2010年06月24日

『量子力学の進歩』

初めに手にしたのは「第2輯」です。「2」とある以上「1」があるはずだと、軽い気持ちで除けておきました。この春、大量に買い入れた口を整理していたときの話です。

この口の整理には随分時間がかかり、実を言うと未だ完全には整理が終わっていません。しかしある日、「第1輯」が顔を出しました。

その二冊だけしか出版されなかったことは、すでに調べてあります。これでデータに取れると勇んで辺りを見回すと、今度は「第2輯」がどこかへ雲隠れ。

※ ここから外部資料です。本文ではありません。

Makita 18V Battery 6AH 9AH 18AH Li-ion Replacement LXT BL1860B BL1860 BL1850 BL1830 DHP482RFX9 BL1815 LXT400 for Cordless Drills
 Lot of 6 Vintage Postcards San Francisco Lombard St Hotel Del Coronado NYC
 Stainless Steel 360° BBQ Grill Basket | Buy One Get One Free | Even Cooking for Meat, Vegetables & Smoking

あちこち探したのですが見つかりません。日が経つにつれ、次第に自信もなくなってきました。別々の本だったのではないかなどと。

ところが今日、他の本を探すため、積み上げた山を移動している最中に、ひょっこり「2」が出てきました。晴れて夫婦に。

RIMG0192第1輯が昭和19年、第2輯が昭和22年。どちらにも短い序文が着いていますが、この激動の時代に至極淡々としたもの。毎年出す予定が、諸般の事情で遅れました、という程度。

世に学者の浮世離れということがありますが、その学問内容は、むしろ時局に最も深く関わっていたはず。なにしろあの仁科さんの監修です。だからこそ続けられもしたのでしょう。

それだけに、この二冊の佇まいの静けさに、かえって戦時下の科学者の複雑な境遇を推し量ったりしてしまうのでした。